Addressing a press conference in Vehari, he said the PPP would consider the matter of alliances with other political parties ahead of elections. Describing politics as “the art of the possible,” he said negotiations could be held with all politicians and political parties, but stressed that Pakistan Tehreek-e-Insaf (PTI) Chairman Imran Khan was not a politician. “Imran Khan fears courts but a politician does not fear courts or prisons,” he said. “Imran Khan wanted to sell all the institutions of the country but we saved the country by ousting him from power,” he said, noting that Khan had earlier described backtracking from his previous positions—‘U-turns’—as part of his “nature.”

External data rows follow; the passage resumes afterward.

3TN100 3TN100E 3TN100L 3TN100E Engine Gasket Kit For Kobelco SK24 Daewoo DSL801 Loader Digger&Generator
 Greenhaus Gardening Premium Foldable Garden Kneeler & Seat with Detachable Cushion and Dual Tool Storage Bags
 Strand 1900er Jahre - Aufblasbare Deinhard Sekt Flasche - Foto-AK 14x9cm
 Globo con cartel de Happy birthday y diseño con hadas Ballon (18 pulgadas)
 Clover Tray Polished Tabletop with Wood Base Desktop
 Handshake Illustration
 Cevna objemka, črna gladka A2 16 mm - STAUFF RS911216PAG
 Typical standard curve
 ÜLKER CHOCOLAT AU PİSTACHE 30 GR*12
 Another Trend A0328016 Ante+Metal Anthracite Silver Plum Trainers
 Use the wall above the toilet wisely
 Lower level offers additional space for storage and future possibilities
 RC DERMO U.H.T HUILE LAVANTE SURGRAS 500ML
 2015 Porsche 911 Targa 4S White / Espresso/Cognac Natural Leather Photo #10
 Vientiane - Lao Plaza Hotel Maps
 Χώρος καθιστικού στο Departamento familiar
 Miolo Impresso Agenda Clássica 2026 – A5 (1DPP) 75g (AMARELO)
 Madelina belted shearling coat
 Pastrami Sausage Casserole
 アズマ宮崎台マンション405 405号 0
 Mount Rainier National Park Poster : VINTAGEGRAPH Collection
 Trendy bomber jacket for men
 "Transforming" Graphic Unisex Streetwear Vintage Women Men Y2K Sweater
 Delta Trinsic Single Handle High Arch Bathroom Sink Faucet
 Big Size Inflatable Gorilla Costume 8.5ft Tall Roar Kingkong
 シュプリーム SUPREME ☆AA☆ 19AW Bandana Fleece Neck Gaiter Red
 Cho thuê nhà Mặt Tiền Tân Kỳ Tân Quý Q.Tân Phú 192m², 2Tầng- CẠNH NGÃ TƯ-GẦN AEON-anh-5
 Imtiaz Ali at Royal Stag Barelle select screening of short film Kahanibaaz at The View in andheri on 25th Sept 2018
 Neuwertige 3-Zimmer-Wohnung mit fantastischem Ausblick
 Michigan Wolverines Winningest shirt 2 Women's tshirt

Discussing the PTI’s victory in Rajanpur by-elections, the former president said it was a result of the prevailing economic crunch and price hikes. Rubbishing statements of the PTI that Pakistan would “disappear” if it were to default, he said it was country and not a public limited company. “Japan and other countries have defaulted in the past and default does not mean that the country is finished,” he added.

Discussing a recent statement of foreign minister and PPP Chairman Bilawal Bhutto-Zardari, in which he had hinted at quitting the ruling coalition over “unfulfilled promises to flood victims,” Zardari said his son was a young man prone to anger when promises were not fulfilled. He echoed his son’s concerns with the digital census currently underway, saying Sindh had reservations over how it was being conducted.

To a question on the potential arrest of Imran Khan and whether he had been consulted over it, Zardari said this was the prerogative of the interior minister. “Why would he consult me?” he said, adding in response to another question that it was Nawaz Sharif’s concern when he wished to return to Pakistan.

Answering a question on controversy over judicial bias, the PPP co-chairman said the government had three challenges before it: the economy, the military’s role in politics and judicial overreach. The judiciary is composed of people who are part of society, he explained, noting they had earlier been lawyers who were elevated to judges. “We have to talk to them,” he added.